The Leader
Page 6
‘Soon, I hope,’ said the Leader, tapping his pen violently on the table, ‘soon we shall all be free from them. Let the camps be the first part of our solution, and then let’s look at something more long-term, more permanent. I strongly believe, and I say it again, that immigration is the biggest problem we have to face.’
‘PJ,’ muttered William Joyce darkly. Perish Judah.
The others drummed on the table with their fists in response. Mosley paused before continuing.
‘I’m going to Germany next week. I shall talk to Herr Hitler about it then, tell him that we no longer wish to be the dumping ground for these people. I’ll keep you all informed, of course. In the meantime, let’s get these camps underway and get some use out of these people. If they want to come here, then they can bloody well be made to work.’
The Leader paused once more and then clapped his hands.
‘Right! Other business! Home Secretary, I believe you had something to say about the HMSSP building up some links with the Gestapo.’
The men relaxed as Francis Hawkins started to speak.
* * *
Henry Allen was a quiet man, an intelligent man, and a good husband to Louisa. His father had made a small fortune out of a printing business, which had enabled him to send young Henry to Eton, where the boy had prospered.
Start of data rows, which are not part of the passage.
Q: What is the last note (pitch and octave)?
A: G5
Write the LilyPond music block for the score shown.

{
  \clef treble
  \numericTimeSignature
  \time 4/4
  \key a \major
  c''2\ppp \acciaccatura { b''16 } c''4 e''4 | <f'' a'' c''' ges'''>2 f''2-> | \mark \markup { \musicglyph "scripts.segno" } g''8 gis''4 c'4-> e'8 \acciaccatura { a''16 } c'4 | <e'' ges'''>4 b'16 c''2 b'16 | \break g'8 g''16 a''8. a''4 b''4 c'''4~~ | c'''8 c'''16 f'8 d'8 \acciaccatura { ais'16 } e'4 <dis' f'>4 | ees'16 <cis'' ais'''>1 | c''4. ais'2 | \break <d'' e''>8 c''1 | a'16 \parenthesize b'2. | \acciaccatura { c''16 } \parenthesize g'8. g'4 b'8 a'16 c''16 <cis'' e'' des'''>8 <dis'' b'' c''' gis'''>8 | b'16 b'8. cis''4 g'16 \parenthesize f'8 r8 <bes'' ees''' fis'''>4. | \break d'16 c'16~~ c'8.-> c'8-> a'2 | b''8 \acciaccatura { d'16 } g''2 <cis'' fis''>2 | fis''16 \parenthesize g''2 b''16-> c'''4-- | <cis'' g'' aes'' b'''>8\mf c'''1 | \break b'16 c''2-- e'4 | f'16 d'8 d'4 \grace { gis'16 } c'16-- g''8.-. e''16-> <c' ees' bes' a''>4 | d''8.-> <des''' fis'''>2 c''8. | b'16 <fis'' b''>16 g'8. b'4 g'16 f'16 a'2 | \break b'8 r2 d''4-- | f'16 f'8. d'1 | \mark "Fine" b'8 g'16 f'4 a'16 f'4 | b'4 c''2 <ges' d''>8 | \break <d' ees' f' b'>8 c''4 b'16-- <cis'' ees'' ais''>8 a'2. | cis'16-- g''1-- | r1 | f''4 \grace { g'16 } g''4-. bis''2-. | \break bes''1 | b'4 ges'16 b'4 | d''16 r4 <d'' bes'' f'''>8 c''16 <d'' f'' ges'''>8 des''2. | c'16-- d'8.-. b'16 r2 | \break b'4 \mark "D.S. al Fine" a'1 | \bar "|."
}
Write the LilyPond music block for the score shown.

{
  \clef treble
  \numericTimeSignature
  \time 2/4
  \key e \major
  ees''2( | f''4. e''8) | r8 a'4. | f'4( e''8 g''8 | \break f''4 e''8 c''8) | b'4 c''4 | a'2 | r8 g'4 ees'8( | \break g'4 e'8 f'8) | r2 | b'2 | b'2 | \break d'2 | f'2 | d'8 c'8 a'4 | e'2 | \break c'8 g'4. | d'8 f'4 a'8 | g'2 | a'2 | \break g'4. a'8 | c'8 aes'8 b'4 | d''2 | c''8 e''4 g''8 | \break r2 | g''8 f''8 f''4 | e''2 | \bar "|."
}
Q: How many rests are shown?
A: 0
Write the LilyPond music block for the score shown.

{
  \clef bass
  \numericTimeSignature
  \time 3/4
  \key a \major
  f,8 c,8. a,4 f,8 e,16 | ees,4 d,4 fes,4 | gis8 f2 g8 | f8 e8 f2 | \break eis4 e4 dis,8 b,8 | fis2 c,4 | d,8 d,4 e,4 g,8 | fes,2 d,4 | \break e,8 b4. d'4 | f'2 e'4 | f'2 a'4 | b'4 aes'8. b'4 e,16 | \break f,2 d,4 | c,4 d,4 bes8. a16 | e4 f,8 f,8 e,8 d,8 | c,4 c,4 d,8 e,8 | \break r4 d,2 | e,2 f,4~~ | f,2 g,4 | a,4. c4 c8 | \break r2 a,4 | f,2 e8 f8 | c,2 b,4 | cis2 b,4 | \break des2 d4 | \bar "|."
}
Although not from the same stock as his contemporaries, his easy manner and his right-wing views meant that he fitted in comfortably. By the time Henry left Oxford in 1922, those views had hardened, and finding himself disenchanted with the Tory party, he went in search of something stronger. He found fascism, and later Oswald Mosley, a man he regarded as nothing less than a potential saviour.
In 1934, Allen published a book called BUF, Oswald Mosley and British Fascism, in which he hyperbolically lauded Mosley. ‘In his greatest potentiality,’ Allen wrote, ‘he stands for new and revolutionary conceptions in politics, in economics, and in life itself.’ Allen’s loyalty to Mosley saw him rewarded with a seat in Parliament, the realisation of an ambition held for many years.
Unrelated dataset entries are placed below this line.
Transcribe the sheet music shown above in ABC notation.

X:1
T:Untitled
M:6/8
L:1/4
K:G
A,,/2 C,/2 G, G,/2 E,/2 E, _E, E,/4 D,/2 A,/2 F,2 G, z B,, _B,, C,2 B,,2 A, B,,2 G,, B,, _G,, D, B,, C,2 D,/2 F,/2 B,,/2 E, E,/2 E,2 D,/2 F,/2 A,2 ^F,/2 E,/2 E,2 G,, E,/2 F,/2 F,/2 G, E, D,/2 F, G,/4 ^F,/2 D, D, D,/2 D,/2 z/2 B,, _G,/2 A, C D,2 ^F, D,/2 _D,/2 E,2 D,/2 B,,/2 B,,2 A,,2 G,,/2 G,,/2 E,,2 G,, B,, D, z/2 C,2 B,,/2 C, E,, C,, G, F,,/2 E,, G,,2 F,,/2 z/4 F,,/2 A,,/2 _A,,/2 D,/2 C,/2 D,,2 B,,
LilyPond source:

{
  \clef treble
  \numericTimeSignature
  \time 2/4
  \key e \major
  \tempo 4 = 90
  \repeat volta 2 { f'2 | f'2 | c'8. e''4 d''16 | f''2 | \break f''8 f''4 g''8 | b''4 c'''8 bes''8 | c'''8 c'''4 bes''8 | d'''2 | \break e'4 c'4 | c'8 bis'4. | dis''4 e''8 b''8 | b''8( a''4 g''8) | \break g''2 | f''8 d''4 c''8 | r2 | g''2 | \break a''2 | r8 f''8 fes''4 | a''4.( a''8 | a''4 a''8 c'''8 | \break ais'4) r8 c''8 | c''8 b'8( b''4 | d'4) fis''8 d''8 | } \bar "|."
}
He should have been happy about his position, and for the most part he was, but as he swung his legs out of bed that morning, he was suffering under a barrage of doubt. For although Henry Allen was undoubtedly a fascist – a great believer in what he had described in his book as the ‘movement towards national integration’ – he was no hater of freedom. Yes, to his self-confessed discredit he had gone along with the brutality of the movement, but he had seen that as the price of realising his greater dream of a fascist Britain. But now that Britain had arrived, he found himself deeply disquieted. The treatment of the Jews, the censorship, the everyday scenes of Blackshirt violence – all these combined to form a nation whose people were at war with each other. Fascism was not bringing integration, thought Allen, but the very opposite – fragmentation.
Allen walked into the bathroom and urinated. After he had finished, he started to run himself a bath. As the water gushed in, he studied himself in the mirror. He needed to trim his moustache, he thought, and not only that, he needed to lose a little weight. His cheeks looked podgy and he had developed a slight paunch over the past six months. Perhaps he would take up running again.
He slipped into the bath and lay back, letting the hot water envelop him, appreciating its comfort with a long sigh.
‘You all right in there?’
It was Louisa. He had obviously woken her up.
‘Fine, dear,’ he called back to the bedroom. ‘Did you sleep well?’
‘Loglike. That was quite a sigh, darling. Are you sure you’re OK?’
Allen paused.
‘Just a little groggy.’
He heard Louisa let out a slight chuckle.
‘How much did you drink?’ she asked.
‘Must have had at least a couple of bottles,’ he replied, which was true. But he didn’t have a hangover.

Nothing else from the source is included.